The Steelers' coverage unit is spending the week re-learning that it shouldn't think too much in spite of recent spate of touchdowns.

As anticipated, it's been a week of over-analyzing special-teams schemes and special-teams technique on the South Side.

When Josh Cribbs goes coast to coast it's understandable.

When Percy Harvin does the same it's unnerving, but at the same time it's Percy Harvin.

But when some slap from Cincinnati goes 96 yards into the end zone with the fourth NFL kickoff he's ever returned -- after fielding the ball on one bounce in the corner, no less -- it's time, as Mike Tomlin acknowledged, to "turn over every stone."

That explains all the high-level dissection of "cross-face" and what the R3 is supposed to be doing in relation to the L4 and even a roster move, the this'll-get-their-attention sacrificing of Arnold Harrison.

Yet amid all the tumult there's perspective. The coaching staff hasn't gone completely over the edge.

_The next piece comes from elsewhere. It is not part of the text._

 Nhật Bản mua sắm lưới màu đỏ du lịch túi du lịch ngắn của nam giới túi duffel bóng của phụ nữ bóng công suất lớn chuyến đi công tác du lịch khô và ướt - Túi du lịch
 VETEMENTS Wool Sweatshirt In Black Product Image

Among the advice, instruction and inspiration the special teamers have received this week has been:

"Let 'em hang."

"That's what coach always says, ‘Just let 'em hang and go out there and play,'" Ryan Mundy reported. And also:

"You can't go out there and chase ghosts."

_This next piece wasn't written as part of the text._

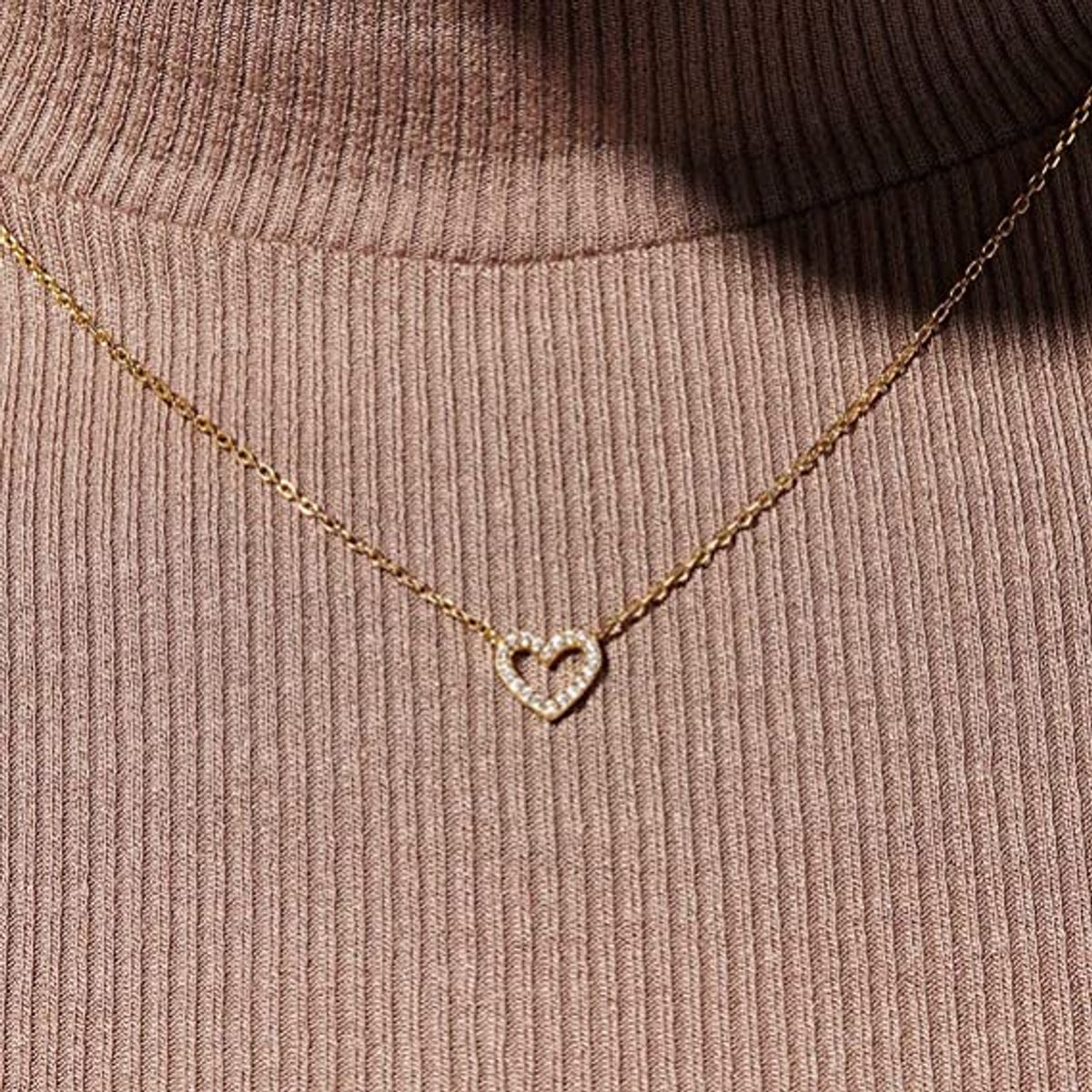 Dainty Diamond Heart Necklace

The let-'em-hang reference should be obvious. The "ghosts" metaphor deals with looking ahead, not behind.

Cribbs scored; there's nothing the Steelers can do about that now. Harvin scored; there's nothing the Steelers can do about that now, either. They can't tackle either guy in Kansas City.

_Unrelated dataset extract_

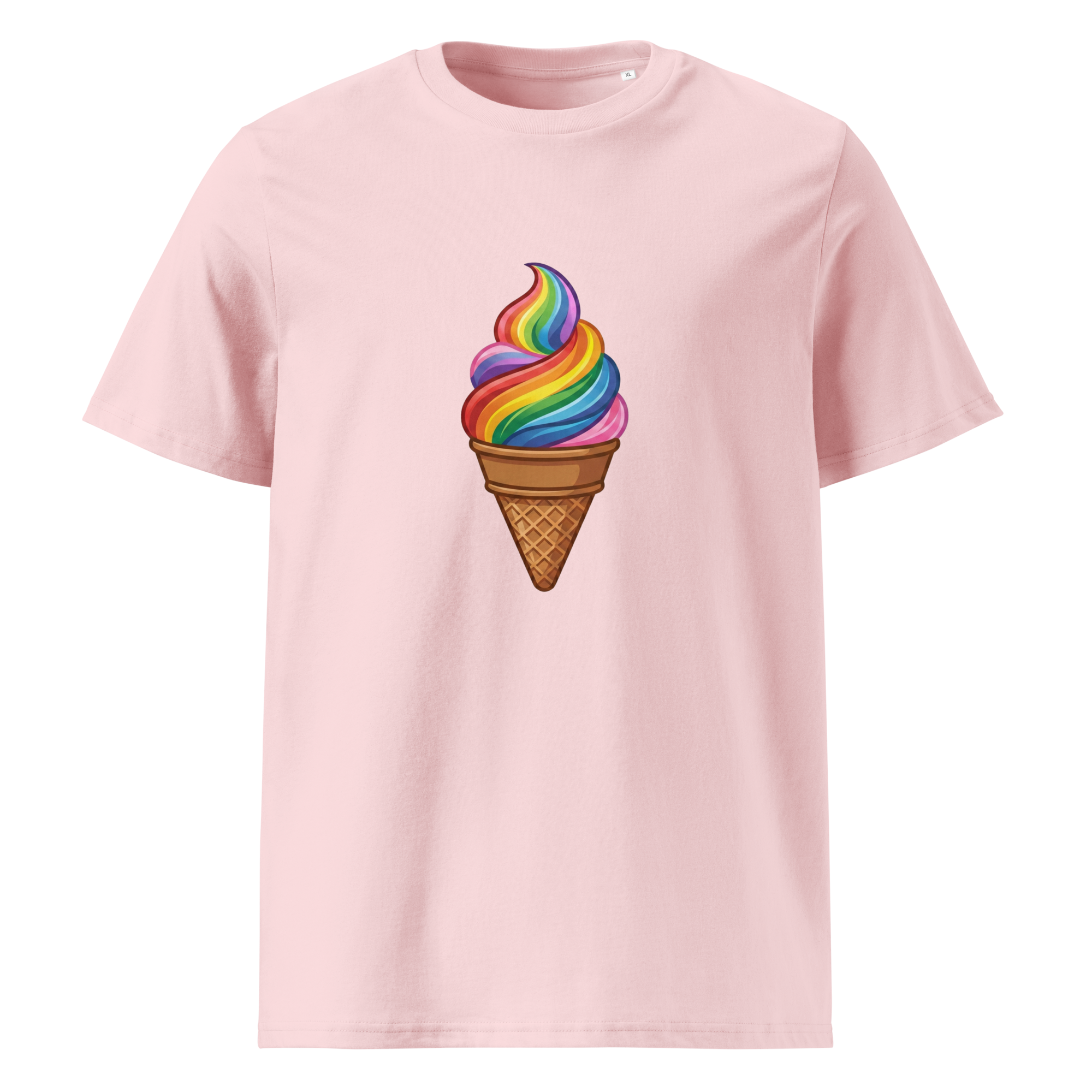 Pride Vibrant Rainbow Soft Serve Organic T-Shirt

What they must do is play fast and aggressive and trust that, all recent evidence to the contrary, they really do know what they're doing covering kickoffs after all, and that they still have plenty of players capable of getting kickoff returners on the ground even without the likes of a Chidi Iwuoma, Sean Morey, Anthony Madison or even Arnold Harrison. Likewise, they can't be tentative in response to their suddenly contracting kickoff-return whiplash.

They'll be perceived as vulnerable around the league now, and once that happens "people start doing funny stuff," Mundy said. And once that happens there's the danger of becoming hesitant in coverage.

"You don't want another long play to happen so you're kind of just waiting to see what's happening instead of attacking," Mundy said.

As it is in most instances, the middle ground is preferable. Not too ballistic and not too timid.

The approach needs to be predatory, but with an understanding of what this kickoff coverage nonsense really boils down to at its core.

"For the most part it's just the fundamentals of football, running, getting off blocks and tackling," Mundy said.

Insisting it's too much more than that amounts to elevator music masquerading as damage control.